Ibrahim, musulmán que regenta una tienda de barrio abierta a cualquier hora del día se convertirá en el maestro de Momo, le enseñará el valor del amor –el amor no se compra con 30 francos– y el de la amistad. Aquí tenemos la primera parte de una película que sorprende por la sencillez y color que traspira. De pronto vemos que la vida de Momo nos interesa, su padre biológico le abandonará y en la soledad y, como acto vengativo, venderá toda la literatura que pueblan los estantes del hogar y se lo gastará en conocer al dedillo a todas las mujeres de la calle que acabarán por cogerle cariño. Tenemos ante nosotros a una historia con matices adversos, tierna pero a la vez triste, dulce por el día y amarga por la noche, elegante como un sombrero y a la vez melancólica como un cumpleaños olvidado.
Los actores nos hacen olvidar que están interpretando y la realización es capaz de enviarnos las notas de color que recorren un barrio en pleno proceso efervescente, pero entonces ¿qué es lo que falla en esta idílica película? Pues la segunda parte, Ibrahim y Momo se convierten en uña y carne, y todo pierde su esplendor.
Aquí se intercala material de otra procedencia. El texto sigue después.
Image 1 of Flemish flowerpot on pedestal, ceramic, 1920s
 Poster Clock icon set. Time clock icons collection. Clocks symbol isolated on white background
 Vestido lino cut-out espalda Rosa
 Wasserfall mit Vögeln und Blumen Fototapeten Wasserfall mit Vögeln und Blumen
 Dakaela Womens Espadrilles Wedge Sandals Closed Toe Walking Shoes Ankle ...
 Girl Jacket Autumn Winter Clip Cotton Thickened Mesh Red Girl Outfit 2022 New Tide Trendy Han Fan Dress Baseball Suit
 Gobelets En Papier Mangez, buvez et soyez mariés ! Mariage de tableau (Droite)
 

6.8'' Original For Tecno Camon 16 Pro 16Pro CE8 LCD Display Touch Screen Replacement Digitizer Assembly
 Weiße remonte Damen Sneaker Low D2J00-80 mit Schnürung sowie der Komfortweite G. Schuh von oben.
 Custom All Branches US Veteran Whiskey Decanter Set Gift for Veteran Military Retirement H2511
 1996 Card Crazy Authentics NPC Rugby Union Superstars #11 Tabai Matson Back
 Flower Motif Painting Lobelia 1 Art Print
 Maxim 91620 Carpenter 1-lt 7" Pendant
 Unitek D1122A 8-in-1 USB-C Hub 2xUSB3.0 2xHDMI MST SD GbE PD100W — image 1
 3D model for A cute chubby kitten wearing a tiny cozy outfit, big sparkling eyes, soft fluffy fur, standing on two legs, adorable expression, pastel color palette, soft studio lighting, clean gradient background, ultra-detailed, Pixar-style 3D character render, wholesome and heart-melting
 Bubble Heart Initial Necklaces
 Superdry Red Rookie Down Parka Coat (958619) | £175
Se sumergen en un viaje para el aburrimiento hacía tierras turcas –es la primera vez que encuentro un turco que piropea a los griegos, inaudito–. A parte de esto, la clase de amistad y amor se convierte en una pesada y densa clase teológica que no interesa a nadie y acaba por rasgar una película que de haber seguido su rumbo se hubiera convertido en una obra perdurable.
Lo mejor: El reparto y su primera parte.
Lo peor: El viaje a ninguna parte que destroza lo anterior.